Los Angeles Angels pitcher and designated hitter Shohei Ohtani entered the league in 2017 as the most hyped baseball prospect since Bryce Harper. The moment he agreed to a deal with the Angels, the baseball community knew what time it was.
Unless you were alive 100 years ago, you have never seen anything like what Ohtani has done this year. Ohtani is the first two-way star baseball has seen since Babe Ruth over a century ago, and even Ruth was not this dominant as a two-way player in his career. For all of modern baseball history, players have specialized in one particular aspect of the game: pitching or hitting. Position specialization has made it to where baseball players are either great at pitching or great at hitting, no in-between. Ohtani is breaking the norm of baseball and making it look easy.
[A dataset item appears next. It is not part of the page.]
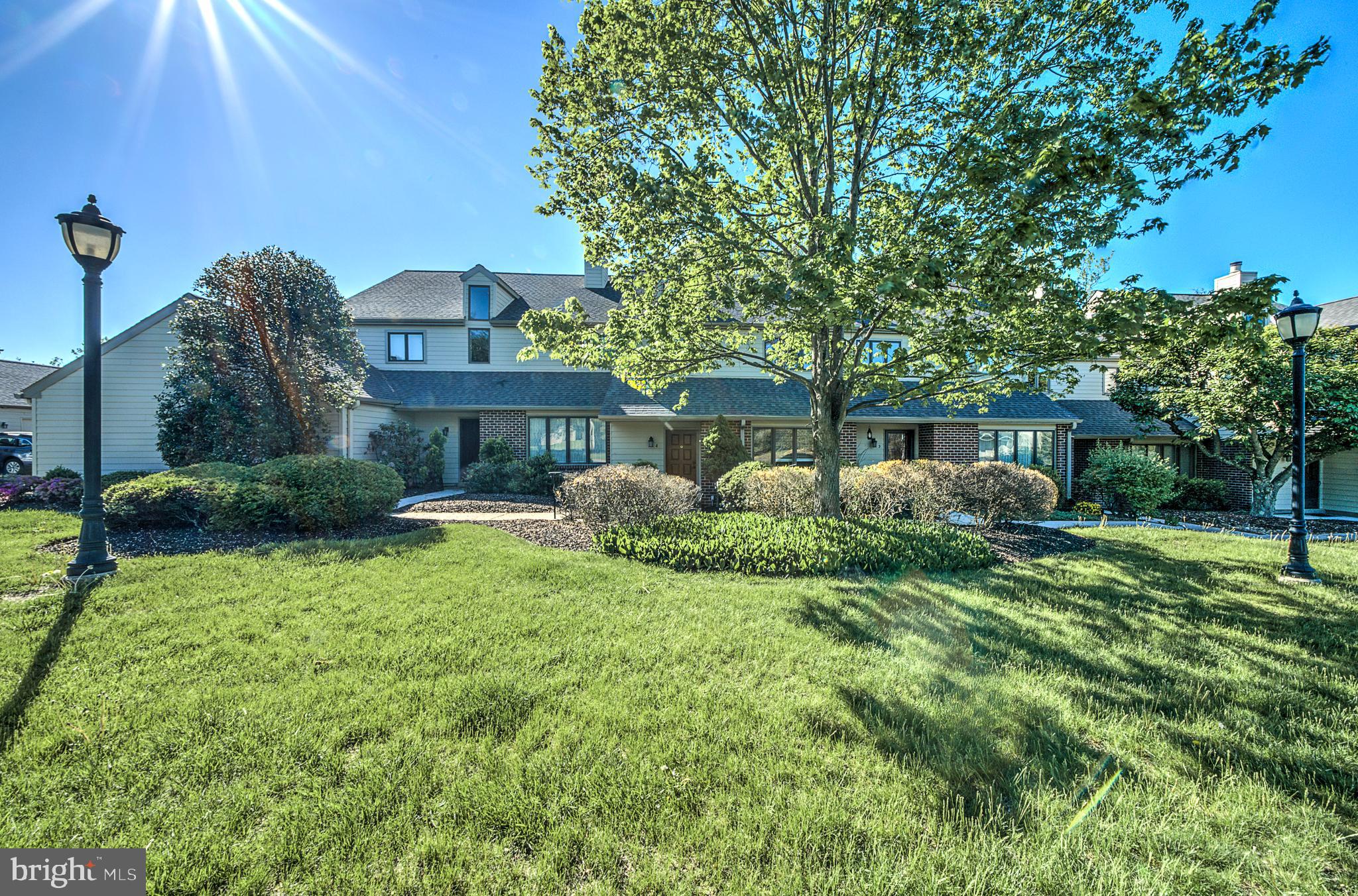 INGHAM MEWS - Residential Lease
This season Ohtani has been putting on a show. As of the publication of this article, Ohtani has surpassed 40 home runs on the year and is the first player to do so this season. Ohtani is the fourth player in Angels franchise history to accomplish such a feat, putting his name with his all-time-great teammate Mike Trout. Ohtani’s the only left-hander to do so for the Angels. Not only is he crushing homers every week, but he has 22 stolen bases on the season, making him the second-fastest player to reach 40 homers and 15 stolen bases in MLB history. The only player in Major League history to do it in fewer team games was Ken Griffey Jr. in 1998.
Noticing a trend here? Ohtani’s season is comparable to some of baseball’s greatest players.
We are witnessing the greatest season in baseball history.
To add to his incredible season, Ohtani is second in the American League in on-base plus slugging (OPS) and first in slugging percentage, meaning he is getting on base with unbelievable efficiency and hitting the ball with force. When it comes to greatest hitting seasons in baseball, 2004 Barry Bonds is at the top of the list. Ohtani is hitting a home run every nine at-bats, the fastest pace since Bonds in ‘04.
Now onto his pitching.
If Ohtani pitched enough innings he would certainly be in contention for the Cy Young Award. Ohtani has an adjusted OPS of 161 and an adjusted earned run average (ERA) of 148 this season. For context, this would be the equivalent of combining the average season from Mickey Mantle and Pedro Martinez into one player. Ohtani this season is 8-1 with a 3.00 ERA, which is near the top of the league. Among pitchers with over 100 innings in the American League, Ohtani is eighth in wins above replacement (WAR) and fifth in strikeout rate, and he ranks fourth in OPS in the MLB. He is near the top of the leaderboard in nearly every major statistic for both hitting and pitching.
As for the Babe Ruth comparisons, he retired over a decade before Jackie Robinson broke the color barrier. As a result, the talent gap back then was not as distinct as it is now. The average velocity of a fastball in the 1920s was around 85 mph; now it is 93. Ruth was the best baseball player of his time, and he is arguably the greatest baseball player ever. He has left behind one of the biggest legacies in professional sports, but Ohtani has taken Ruth’s two-way play a step further than even he could imagine in a league with overall improved talent.
It’s a shame that Ohtani’s season is being somewhat overlooked by the national media because of the Angels' abysmal record; what he is doing is not only good for the game of baseball, it is unprecedented and marvelous to witness.
Cherish what we are witnessing by Shohei Ohtani. This is the greatest season in baseball history.